(Directions) Only one part of the listing is needed: the lines from the one with "Rental dining room" through the last line, copied exactly and free of pictures.

(Available data)

[Start of Attachment]

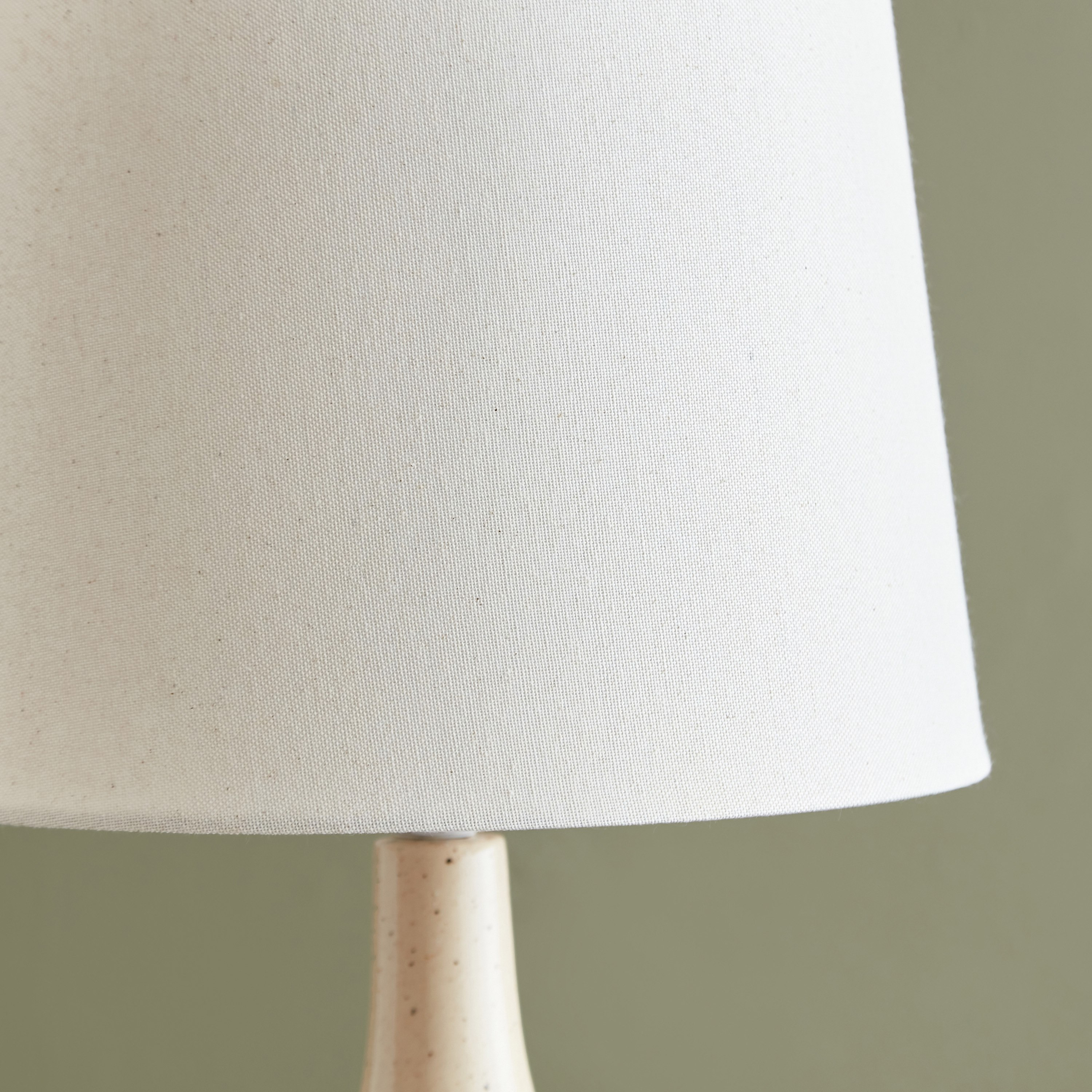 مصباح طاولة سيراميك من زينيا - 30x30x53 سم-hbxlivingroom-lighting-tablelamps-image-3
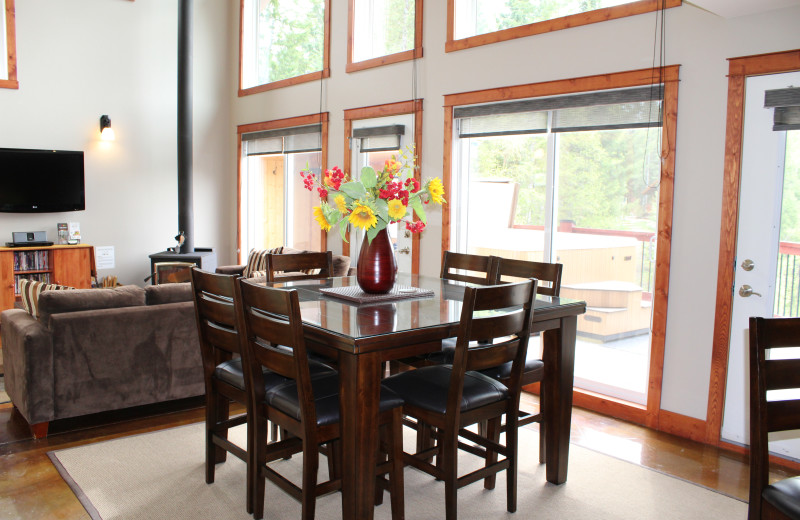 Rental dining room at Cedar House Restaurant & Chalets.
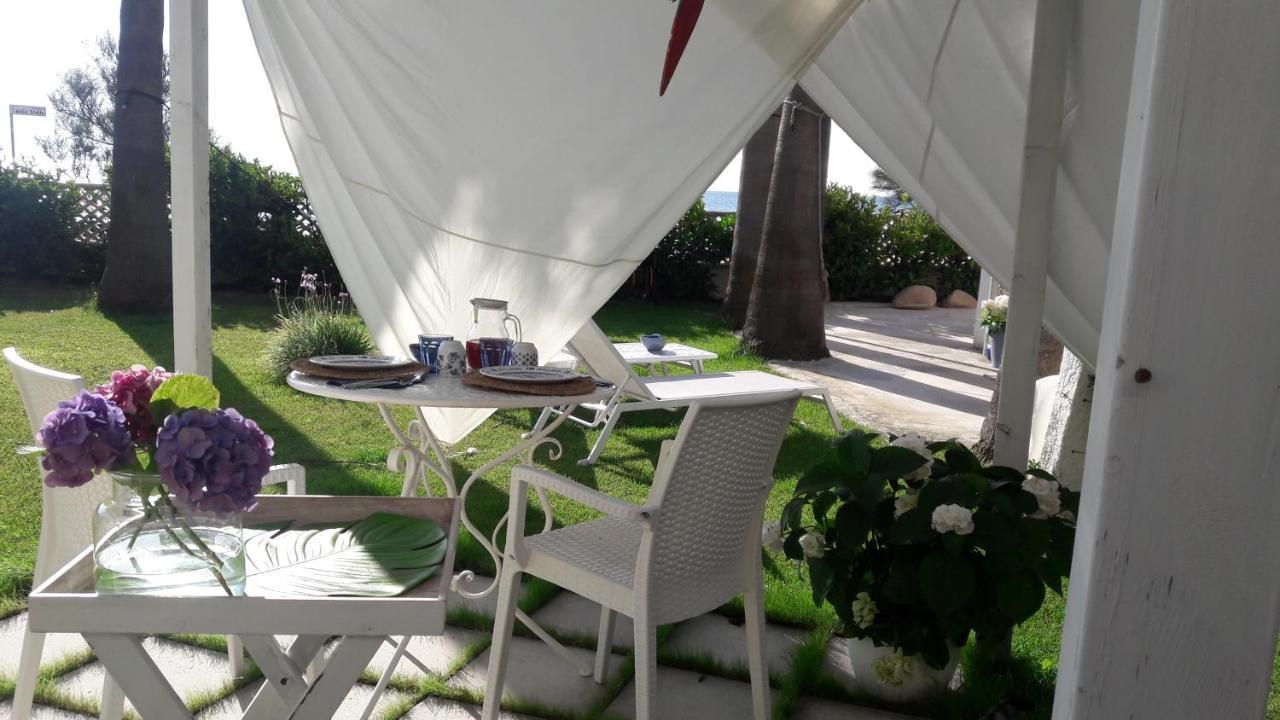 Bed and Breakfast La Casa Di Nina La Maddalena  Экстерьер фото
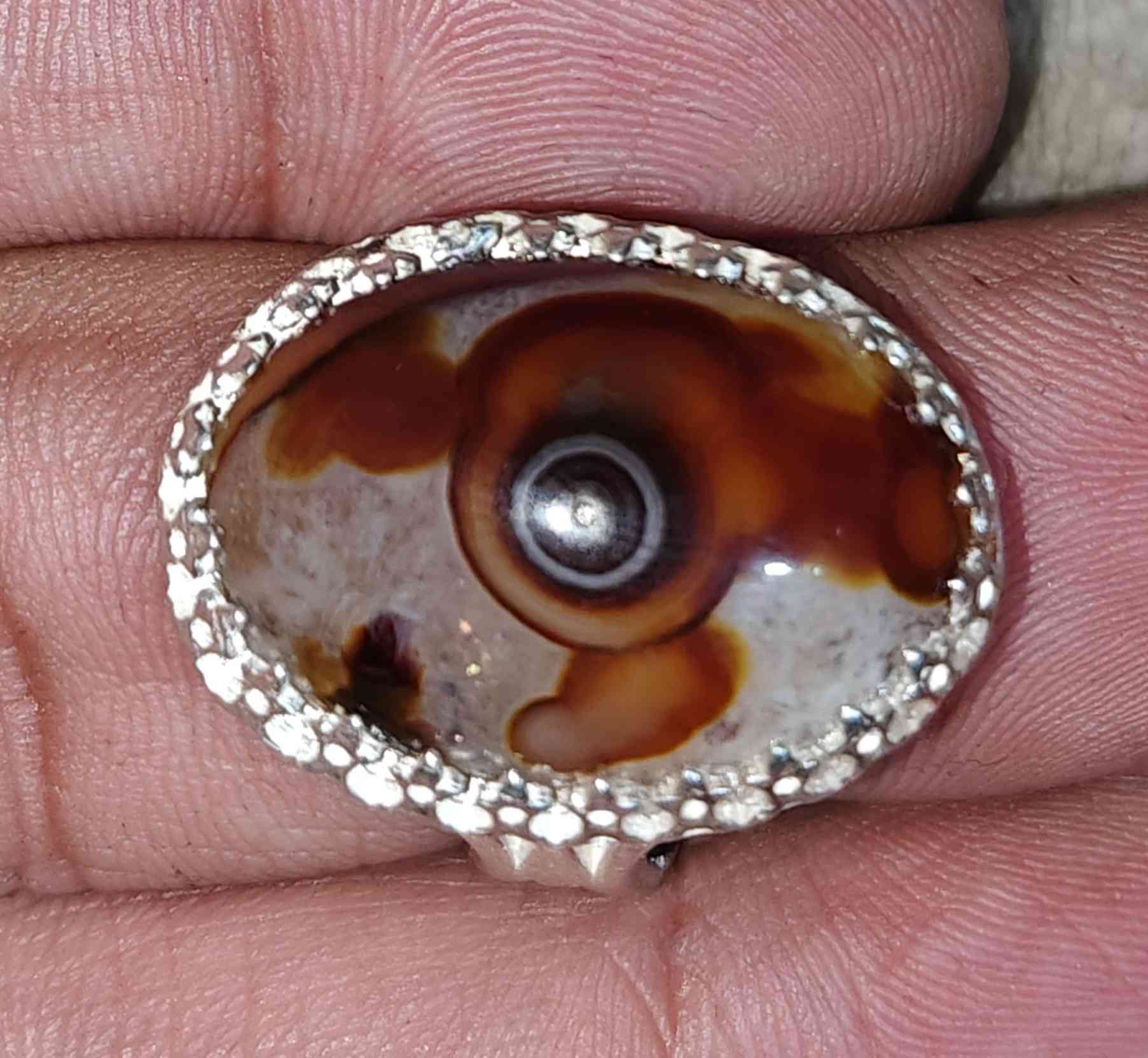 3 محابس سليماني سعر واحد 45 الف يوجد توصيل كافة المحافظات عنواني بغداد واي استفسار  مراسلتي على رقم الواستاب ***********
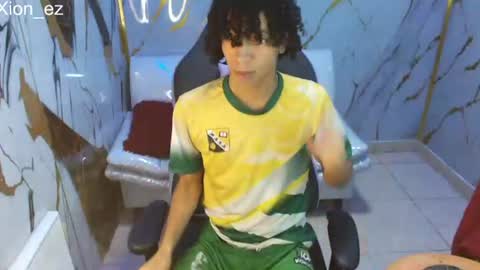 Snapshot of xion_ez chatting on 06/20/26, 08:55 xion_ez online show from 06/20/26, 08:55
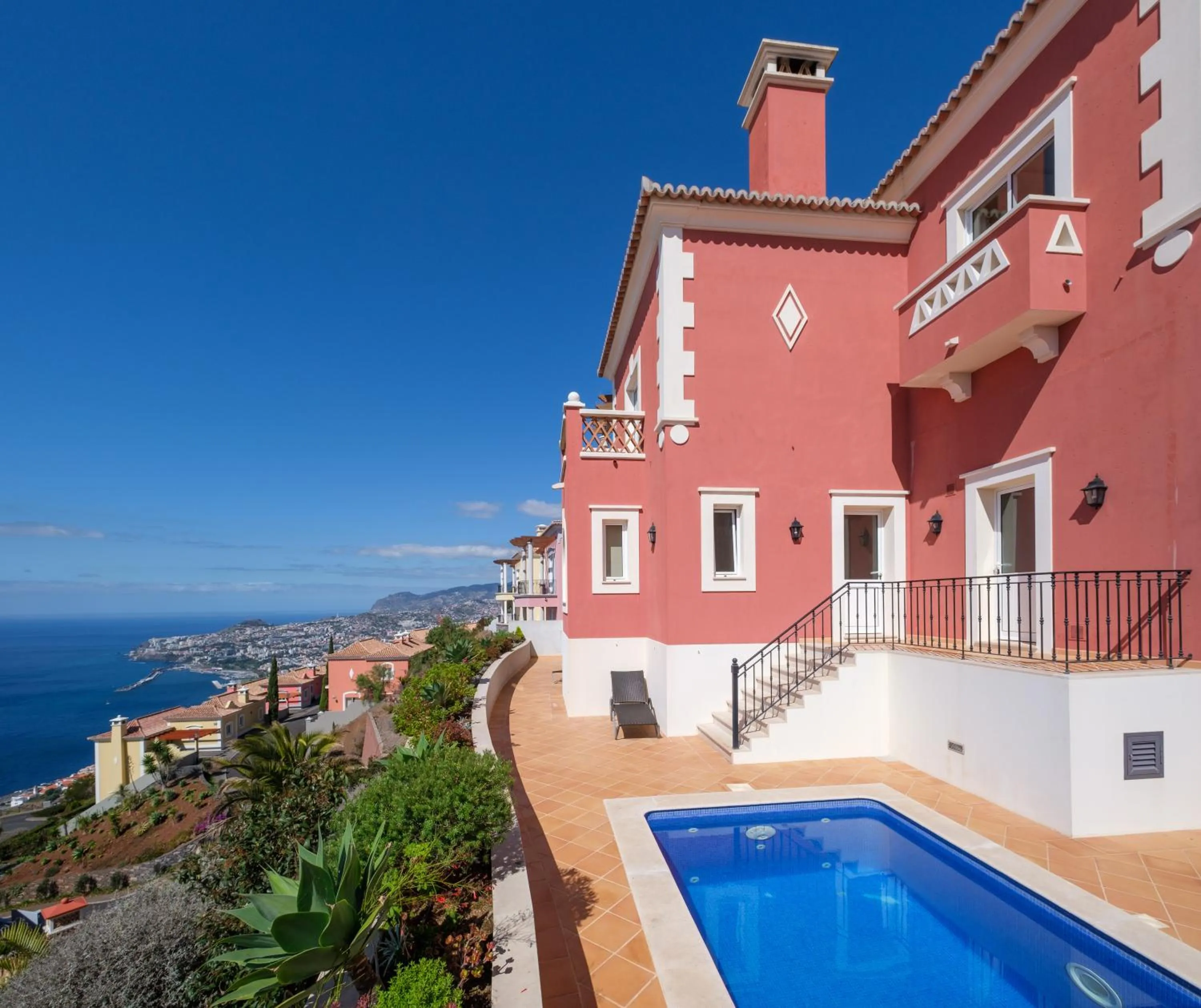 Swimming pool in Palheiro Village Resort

[End of Attachment]

(Output of the exercise)
 Rental dining room at Cedar House Restaurant & Chalets.
 Bed and Breakfast La Casa Di Nina La Maddalena  Экстерьер фото
 3 محابس سليماني سعر واحد 45 الف يوجد توصيل كافة المحافظات عنواني بغداد واي استفسار  مراسلتي على رقم الواستاب ***********
 Snapshot of xion_ez chatting on 06/20/26, 08:55 xion_ez online show from 06/20/26, 08:55
 Swimming pool in Palheiro Village Resort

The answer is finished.